Whereas the Soviet recovery force consisted of a couple of helicopters and trucks. Then again, they had lots of land to work with.
That was the original plan, but they have eliminated that capability.
Which may have been a very good thing in light of the failure associated with the SuperDraco thruster fuel system.
Apparently, somebody forgot to wind the clock in the Starliner.
It was a little odd that the Starliner screws up around the same time as Boeing finally throws in the towel on the 737Max.
~VOW
Bit of a bump.
This could also go into any of the “WTF is wrong with Boeing nowadays?” discussions.
The Starliner software failures (both the one that prevented boosting into proper mission orbit, and the one that almost destroyed the spacecraft) would probably have been detected if Boeing had done an end-to-end mission simulation, which they did not (to NASA’s surprise).
That caught me off-guard, as well. I’ve worked as a contractor supporting NASA missions, and comprehensive mission rehearsal was always a non-negotiable requirement.

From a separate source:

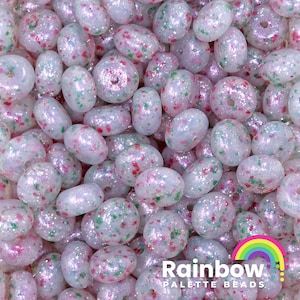 May include: A close-up of a pile of iridescent oval beads. The beads are white with pink, red, and green speckles. The text "Rainbow PALETTE BEADS" is in the bottom right corner.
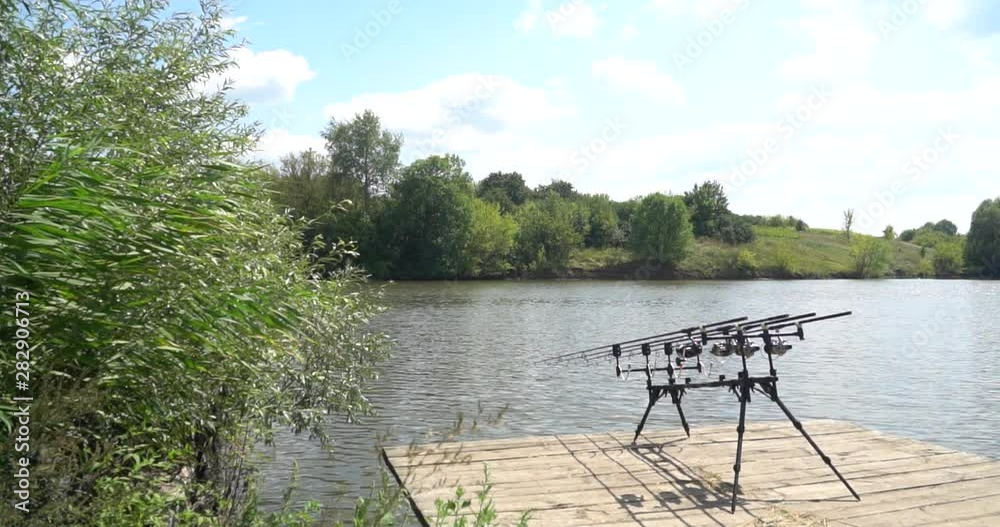 Slow motion, carp fishing, rod under, fishing rods, reels on a wooden platform Slow motion, carp fishing, rod under, fishing rods, reels on a wooden platform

I would like to know how Boeing got away with skipping that, and NASA not realizing it.
SpaceX is planning to send 2 astronauts up in May. Of course it could be pushed back due to problems. Also they have planned 2 more astronauts in July
Something very wrong is going on in Boeing’s software division. They released the software for Orion without doing a full integration test. I can’t imagine doing that for a video game, let alone mission critical software that could kill people or cause hundreds of millions of dollars in losses if something goes wrong. This seems absolutely insane to me.
Neither can NASA. Nor can anyone figure out why NASA signed off on the decision. Just like the FAA signed off on the Max 8 decisions.
Not only is Boeing guilty of massive hubris, the Gov’t seems to haven fallen for it as well.
the safe thing would be to redo software from scratch but it won’t happen due to cost and timeline. What can happen is you fix a bug which then creates other bugs. I know this from personal experience. What they could do is hire an outside vendor to run QC on the software. I think NASA and the FAA should require that given Boeings problems .
A better idea: Make the lead QA on the project and the software engineering manager fly on the next test flight.